15 Years of Knowledge Graphs: Lessons, Challenges and Opportunities

Abstract: Machines with comprehensive knowledge of the world’s entities and their relationships has been a long-standing vision and challenge of AI. Over the last 15 years, huge knowledge bases, also known as knowledge graphs, have been automatically constructed from web data and text sources, and have become a key asset for search engines and other use cases. Machine knowledge can be harnessed to semantically interpret textual phrases in news, social media and web tables, contributing to question answering, natural language processing and data analytics. This talk reviews these advances and discusses lessons learned (see also https://arxiv.org/abs/2009.11564 for a comprehensive survey). Moreover, the talk identifies open challenges and new research opportunities.
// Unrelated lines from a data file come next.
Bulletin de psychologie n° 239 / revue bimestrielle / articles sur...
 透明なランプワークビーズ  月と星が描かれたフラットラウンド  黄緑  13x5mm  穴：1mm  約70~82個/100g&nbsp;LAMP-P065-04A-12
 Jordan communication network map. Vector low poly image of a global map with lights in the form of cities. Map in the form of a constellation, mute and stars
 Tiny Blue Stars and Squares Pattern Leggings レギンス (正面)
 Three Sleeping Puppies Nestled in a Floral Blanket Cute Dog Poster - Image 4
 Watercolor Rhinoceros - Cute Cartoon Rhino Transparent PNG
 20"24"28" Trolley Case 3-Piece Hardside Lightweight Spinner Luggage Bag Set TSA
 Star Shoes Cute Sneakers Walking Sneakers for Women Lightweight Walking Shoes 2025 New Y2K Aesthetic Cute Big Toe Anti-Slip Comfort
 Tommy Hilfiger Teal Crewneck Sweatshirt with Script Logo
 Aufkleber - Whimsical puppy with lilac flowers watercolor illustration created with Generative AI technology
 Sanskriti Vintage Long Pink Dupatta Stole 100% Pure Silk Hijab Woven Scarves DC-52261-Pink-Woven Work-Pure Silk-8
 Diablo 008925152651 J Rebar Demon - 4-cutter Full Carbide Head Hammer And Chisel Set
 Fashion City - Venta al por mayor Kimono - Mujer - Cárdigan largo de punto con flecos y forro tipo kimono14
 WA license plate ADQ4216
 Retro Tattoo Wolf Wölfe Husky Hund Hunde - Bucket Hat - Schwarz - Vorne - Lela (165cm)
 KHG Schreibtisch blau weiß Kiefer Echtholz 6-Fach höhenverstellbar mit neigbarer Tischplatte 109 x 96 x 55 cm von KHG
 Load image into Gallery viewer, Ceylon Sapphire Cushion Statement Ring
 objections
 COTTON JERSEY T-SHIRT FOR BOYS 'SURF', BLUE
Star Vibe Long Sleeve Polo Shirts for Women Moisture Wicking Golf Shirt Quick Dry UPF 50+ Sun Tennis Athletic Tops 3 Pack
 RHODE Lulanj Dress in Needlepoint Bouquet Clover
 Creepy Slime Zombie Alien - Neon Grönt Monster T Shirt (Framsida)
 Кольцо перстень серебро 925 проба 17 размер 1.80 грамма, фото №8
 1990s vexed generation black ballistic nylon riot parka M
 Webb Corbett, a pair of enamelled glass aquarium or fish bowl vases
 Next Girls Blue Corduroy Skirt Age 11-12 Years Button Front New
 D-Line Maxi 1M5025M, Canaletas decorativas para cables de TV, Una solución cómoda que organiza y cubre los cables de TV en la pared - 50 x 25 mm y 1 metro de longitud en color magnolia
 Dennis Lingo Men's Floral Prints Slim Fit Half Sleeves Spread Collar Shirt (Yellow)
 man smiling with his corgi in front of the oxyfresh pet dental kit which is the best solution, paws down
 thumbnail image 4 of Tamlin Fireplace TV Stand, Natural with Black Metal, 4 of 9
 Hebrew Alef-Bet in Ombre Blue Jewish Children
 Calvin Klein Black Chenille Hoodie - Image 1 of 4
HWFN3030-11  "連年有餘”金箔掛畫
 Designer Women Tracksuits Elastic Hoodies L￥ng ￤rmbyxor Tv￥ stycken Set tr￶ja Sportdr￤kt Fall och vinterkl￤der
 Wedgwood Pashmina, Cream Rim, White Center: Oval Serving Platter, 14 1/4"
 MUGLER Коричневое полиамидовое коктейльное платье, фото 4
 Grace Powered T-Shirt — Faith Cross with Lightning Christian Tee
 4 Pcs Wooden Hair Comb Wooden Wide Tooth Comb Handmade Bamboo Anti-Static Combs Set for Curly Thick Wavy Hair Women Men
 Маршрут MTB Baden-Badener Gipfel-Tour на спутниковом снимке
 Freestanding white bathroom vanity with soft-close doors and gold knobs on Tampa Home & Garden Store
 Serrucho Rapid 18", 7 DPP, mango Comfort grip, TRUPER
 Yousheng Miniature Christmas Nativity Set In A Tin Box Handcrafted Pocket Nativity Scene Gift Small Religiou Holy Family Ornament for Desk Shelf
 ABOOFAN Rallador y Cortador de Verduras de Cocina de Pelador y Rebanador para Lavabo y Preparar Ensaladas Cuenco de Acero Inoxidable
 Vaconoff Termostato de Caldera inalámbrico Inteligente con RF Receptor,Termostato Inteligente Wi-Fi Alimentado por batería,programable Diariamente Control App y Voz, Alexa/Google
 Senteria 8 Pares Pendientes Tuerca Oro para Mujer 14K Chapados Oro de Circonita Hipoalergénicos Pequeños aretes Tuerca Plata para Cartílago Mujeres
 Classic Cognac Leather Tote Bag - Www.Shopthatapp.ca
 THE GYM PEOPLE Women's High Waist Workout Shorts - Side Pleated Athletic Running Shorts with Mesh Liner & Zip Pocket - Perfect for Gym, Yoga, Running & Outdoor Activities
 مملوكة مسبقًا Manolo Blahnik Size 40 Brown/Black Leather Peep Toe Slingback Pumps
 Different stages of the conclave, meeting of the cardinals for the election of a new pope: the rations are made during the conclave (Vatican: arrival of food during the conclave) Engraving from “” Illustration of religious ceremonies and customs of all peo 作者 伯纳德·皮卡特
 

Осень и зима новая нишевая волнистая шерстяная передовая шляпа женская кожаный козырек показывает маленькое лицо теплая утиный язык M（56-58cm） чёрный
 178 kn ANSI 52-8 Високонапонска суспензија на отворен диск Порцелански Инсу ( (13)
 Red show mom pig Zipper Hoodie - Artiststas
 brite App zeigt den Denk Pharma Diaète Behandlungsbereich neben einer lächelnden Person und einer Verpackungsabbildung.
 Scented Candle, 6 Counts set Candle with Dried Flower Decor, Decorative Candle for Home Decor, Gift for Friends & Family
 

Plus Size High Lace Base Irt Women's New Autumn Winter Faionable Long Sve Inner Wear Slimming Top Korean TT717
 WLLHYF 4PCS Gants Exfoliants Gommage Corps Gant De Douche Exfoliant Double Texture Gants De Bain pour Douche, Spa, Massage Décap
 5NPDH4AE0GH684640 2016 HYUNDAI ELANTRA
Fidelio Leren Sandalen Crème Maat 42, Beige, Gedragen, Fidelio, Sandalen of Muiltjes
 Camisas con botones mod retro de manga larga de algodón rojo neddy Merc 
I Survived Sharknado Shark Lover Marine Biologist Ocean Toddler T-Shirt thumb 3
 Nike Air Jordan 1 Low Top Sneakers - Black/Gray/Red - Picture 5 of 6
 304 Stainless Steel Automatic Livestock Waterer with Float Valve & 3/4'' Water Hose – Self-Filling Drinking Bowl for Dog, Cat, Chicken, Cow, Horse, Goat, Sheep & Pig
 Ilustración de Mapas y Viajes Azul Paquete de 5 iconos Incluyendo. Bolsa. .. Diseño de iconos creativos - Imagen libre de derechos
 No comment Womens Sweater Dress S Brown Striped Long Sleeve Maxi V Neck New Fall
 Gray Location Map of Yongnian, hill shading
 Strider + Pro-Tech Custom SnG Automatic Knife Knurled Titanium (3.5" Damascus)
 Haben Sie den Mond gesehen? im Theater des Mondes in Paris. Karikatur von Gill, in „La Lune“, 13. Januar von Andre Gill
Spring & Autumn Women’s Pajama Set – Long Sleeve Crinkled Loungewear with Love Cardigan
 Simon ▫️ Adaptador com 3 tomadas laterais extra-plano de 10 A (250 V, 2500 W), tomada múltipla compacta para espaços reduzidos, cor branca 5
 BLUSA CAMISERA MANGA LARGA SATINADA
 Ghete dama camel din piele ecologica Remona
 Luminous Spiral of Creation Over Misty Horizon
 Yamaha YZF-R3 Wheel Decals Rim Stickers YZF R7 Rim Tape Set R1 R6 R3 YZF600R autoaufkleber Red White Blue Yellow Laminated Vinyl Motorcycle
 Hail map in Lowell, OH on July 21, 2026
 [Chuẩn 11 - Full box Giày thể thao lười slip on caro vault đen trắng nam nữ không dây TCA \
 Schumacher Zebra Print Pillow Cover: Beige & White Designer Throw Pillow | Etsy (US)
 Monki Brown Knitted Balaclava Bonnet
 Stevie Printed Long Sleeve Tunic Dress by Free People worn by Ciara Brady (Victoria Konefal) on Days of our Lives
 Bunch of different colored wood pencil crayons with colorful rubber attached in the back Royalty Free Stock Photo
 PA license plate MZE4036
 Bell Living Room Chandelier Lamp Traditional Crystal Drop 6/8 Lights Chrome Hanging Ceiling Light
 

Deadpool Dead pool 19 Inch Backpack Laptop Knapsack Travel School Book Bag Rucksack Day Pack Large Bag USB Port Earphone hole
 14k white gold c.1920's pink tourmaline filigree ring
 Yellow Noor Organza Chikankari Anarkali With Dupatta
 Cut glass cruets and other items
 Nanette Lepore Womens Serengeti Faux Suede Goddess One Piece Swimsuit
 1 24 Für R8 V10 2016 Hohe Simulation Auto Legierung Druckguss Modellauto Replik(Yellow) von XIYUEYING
In particular, extracting quantitative measures of entities (e.g., height of buildings or energy efficiency of cars), from text and web tables, presents an opportunity to further enhance the scope and value of knowledge bases.

Bio: Gerhard Weikum is a Scientific Director at the Max Planck Institute for Informatics in Saarbruecken, Germany, and an Adjunct Professor at Saarland University. He co-authored a comprehensive textbook on transactional systems, received the VLDB Test-of-Time Award 2002 for his work on automatic database tuning, and is one of the creators of the YAGO knowledge base which was recognized by the WWW Test-of-Time Award in 2018. Weikum is an ACM Fellow and elected member of various academies. He received the ACM SIGMOD Contributions Award in 2011, a Google Focused Research Award in 2011, an ERC Synergy Grant in 2014, and the ACM SIGMOD Edgar F. Codd Innovations Award in 2016.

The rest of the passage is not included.